Sırım gibi Suriyeli delikanlılar Türkiye’de ticaret yapsın, deniz kenarında piknik yapsın. Sevgilileri ile parklarda ormanlarda gezsinler, bayramlarda Suriye’ye girip çıksınlar tekrar Türkiye’ye dönsünler, ama benim daha süt kuzusu askerlerimiz gitsin bir hiç uğruna Suriye’de şehit olsunlar. Peşinden de Allah rahmet eylesin. Vatan sağolsun gibi klasik taziye cümleleri ile geçiştirilecek bir durum değildir. Klasik bir cümle ile ateş düştüğü yeri yakıyor. Bu ateş bazen de çevresini yakabilir! Allah o şehit ailelerine sabır ihsan eylesin. Bu da bizim taziyemiz olsun.

Sen daha düne kadar Esed’le can ciğer kuzu sarması olacaksın, hatta ailecek Bodum’da tatil yapacaksın, sonra da ben ona küstüm onunla konuşmam diyeceksin. Eğer Türkiye Suriye merkezi hükümetle belli düzeyde diyalog kurabilseydi durum bu safhaya gelmeyecekti. Sayın Cumhurbaşkanı Erdoğan’ın inadı uğruna maalesef Türkiye – Suriye ile savaş durumuna getirilmiştir. Efendim biz iktidar olarak Rusya üzerinden Suriye Merkezi hükümetle ilişkilerimizi devam ettiriyoruz gibi cümlelerle olayın hafife alındığı gün gibi ortada. Öyle veya böyle Suriye de bir meşru bir hükümet var. Üstelik arkasında kara kuvvetlerini İran’ın, hava kuvvetlerini ise Rusya’nın desteklediği bir Suriye var.

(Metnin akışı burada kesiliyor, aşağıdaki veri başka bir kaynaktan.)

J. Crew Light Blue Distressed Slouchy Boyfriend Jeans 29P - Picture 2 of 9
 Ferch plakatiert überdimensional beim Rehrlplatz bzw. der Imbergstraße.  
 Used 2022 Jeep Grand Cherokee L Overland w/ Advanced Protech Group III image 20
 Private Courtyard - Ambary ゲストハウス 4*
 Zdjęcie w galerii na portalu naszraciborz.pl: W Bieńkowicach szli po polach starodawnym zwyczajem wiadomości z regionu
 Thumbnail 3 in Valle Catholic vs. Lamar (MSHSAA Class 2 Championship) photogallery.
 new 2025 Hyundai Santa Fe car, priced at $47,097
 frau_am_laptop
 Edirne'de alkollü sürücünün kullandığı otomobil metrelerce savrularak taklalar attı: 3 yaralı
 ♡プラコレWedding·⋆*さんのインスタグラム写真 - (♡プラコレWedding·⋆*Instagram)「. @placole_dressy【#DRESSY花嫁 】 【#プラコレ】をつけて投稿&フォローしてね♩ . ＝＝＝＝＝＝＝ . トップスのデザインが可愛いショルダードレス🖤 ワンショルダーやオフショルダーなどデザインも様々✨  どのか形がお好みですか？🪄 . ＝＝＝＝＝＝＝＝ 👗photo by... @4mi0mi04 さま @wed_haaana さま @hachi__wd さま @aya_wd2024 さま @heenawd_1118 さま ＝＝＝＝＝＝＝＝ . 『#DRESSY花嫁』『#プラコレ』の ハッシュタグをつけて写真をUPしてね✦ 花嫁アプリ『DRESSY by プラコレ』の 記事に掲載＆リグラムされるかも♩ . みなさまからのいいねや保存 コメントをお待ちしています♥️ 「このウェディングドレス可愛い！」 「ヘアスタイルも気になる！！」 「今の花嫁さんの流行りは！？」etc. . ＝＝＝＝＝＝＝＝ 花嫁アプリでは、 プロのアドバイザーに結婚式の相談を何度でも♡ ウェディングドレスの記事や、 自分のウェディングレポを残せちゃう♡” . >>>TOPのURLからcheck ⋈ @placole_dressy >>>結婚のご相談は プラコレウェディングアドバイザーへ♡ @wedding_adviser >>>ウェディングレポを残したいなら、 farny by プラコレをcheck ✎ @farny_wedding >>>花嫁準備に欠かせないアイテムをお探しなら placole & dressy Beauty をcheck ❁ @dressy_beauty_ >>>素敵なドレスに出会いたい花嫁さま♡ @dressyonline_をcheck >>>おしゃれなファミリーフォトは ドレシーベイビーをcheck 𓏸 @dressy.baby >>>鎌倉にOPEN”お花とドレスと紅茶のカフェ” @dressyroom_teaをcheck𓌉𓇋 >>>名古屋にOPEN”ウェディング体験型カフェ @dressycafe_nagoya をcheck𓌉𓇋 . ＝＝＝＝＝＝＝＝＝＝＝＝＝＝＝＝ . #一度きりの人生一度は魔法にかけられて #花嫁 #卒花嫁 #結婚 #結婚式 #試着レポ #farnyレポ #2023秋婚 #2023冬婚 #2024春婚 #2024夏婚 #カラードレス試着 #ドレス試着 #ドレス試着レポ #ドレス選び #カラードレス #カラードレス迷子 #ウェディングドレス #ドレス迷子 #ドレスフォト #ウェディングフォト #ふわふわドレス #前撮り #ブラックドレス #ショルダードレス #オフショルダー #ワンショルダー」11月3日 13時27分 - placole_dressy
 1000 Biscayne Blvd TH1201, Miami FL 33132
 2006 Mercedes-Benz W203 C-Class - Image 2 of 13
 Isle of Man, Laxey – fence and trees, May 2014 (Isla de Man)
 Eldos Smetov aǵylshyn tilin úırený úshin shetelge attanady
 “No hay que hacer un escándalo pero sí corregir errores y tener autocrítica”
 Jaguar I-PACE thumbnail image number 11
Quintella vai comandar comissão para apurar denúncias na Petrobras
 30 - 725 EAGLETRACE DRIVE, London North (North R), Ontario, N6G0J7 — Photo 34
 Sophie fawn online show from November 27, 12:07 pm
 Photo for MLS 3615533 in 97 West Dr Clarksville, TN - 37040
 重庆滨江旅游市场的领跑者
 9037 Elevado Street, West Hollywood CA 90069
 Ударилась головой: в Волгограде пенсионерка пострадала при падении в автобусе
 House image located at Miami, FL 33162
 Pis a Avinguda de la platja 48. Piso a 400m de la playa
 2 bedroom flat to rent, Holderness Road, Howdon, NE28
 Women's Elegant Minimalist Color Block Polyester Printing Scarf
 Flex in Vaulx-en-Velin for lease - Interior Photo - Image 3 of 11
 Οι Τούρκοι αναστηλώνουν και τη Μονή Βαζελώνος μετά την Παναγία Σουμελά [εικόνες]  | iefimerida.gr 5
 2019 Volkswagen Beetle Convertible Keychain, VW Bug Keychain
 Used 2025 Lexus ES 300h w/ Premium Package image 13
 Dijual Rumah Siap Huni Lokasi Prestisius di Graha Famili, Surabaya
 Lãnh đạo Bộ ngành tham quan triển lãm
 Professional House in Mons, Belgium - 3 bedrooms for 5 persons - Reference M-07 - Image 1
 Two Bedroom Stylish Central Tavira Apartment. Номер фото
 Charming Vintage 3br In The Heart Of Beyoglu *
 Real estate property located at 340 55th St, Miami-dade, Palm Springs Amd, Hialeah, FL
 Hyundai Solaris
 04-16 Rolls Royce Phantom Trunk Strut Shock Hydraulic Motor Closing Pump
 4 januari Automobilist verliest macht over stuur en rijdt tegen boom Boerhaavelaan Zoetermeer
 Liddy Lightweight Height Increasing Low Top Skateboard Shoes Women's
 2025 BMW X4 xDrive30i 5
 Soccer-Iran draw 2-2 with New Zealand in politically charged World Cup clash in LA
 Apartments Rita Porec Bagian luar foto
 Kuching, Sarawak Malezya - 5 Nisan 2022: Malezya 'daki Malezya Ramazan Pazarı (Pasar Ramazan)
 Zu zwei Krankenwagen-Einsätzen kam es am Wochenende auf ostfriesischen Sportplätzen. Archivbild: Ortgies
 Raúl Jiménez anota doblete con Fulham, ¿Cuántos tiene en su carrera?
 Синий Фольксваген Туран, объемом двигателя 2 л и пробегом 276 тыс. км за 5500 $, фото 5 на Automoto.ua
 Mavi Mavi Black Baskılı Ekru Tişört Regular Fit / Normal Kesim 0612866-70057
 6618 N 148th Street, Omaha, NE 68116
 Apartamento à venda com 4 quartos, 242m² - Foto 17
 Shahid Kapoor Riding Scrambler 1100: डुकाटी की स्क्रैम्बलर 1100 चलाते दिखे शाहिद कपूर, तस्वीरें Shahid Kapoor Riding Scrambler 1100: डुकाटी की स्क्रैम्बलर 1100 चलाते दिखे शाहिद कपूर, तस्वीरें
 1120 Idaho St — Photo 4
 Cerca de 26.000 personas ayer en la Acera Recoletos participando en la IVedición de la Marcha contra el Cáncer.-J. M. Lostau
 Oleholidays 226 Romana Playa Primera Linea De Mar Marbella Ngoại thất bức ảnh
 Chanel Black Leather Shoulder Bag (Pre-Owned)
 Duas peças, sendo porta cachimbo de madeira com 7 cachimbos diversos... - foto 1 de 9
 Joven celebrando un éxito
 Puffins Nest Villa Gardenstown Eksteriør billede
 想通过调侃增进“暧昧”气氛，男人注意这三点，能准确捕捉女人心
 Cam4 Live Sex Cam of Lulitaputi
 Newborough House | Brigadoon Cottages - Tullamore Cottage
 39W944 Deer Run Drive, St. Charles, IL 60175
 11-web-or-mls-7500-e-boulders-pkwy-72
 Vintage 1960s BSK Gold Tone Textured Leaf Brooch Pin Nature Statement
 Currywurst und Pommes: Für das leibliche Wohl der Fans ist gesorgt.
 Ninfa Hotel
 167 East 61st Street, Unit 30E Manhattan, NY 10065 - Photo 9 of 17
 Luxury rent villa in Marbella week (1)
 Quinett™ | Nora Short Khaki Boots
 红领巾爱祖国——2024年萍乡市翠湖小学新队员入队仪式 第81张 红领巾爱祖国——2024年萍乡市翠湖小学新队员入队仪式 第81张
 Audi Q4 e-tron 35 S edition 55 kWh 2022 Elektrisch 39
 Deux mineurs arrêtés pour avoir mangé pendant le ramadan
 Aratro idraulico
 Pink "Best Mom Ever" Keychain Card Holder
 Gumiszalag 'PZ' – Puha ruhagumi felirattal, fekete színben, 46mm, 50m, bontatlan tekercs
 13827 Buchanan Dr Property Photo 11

Böyle bir orantısız bir güç dengesi karşısında diplomasi kanalları tamamen tüketilmeden cepheye mehmetciği sürmek bana göre bir hata idi. Rusya ve İran ikna edilmeden böyle bir diklenme ile askerimiz oraya gönderilmemeli idi. Üstelik Rusya’nın bölgede hava sahasını kapattığı bir aşamada Türkiye’nin elini ve kolunun bağlandığını görüyoruz. Üstelik açıklamalarda rejim güçlerine 1709 zayiat verildiği yandaş kanalları tarafından ilan ediliyordu. Nereden bileceğiz bu sayının doğru olduğunu. Reuters Ajansı mı verdi. Rus Tas Ajansı mı verdi. Veya Suriye Merkezi Hükümet televizyonları mı açıkladı. Bu açıklamalar Türk Milleti’nin gazını almaya yönelik olmakta ileriye gidemez.

Türk Milleti olarak büyük üzüntü içindeyiz. Sonuçta bu şehitlerimiz bizim evlatlarımız. Biz ne kadar üzgünüz desek te , feryadı figan etsek te şehit ailelerinin ocaklarına düşen ateşi asla tahayyül edemeyiz. Son saldırılar birkaç şehit kelimesi ile de küçümsenecek bir durum değildir. Bunu hem içeride, hem de dışarıda siyasi ve hukuki sonuçları olacaktır.

Türkiye’nin uyguladığı dış politikanın sonucu olarak şahsen darbeyi ABD’den bekliyordum. Ama darbe Sayın Cumhurbaşkanı’mızın kankası Putin’den geldi. Hem de çok ağır geldi. Ancak ABD’yi bu arada unutmamalıyız. Her ne kadar Rusya karşısında Türkiye’nin yanındayız gibi cılız açıklamalara kanmamalıyız. ABD’den silahlı darbe değil de ekonomik darbe geleceğini asla unutmamalıyız. ABD er veya geç Türkiye’ye ekonomik bir darbe vuracağını düşünüyorum. Bekleyip göreceğiz.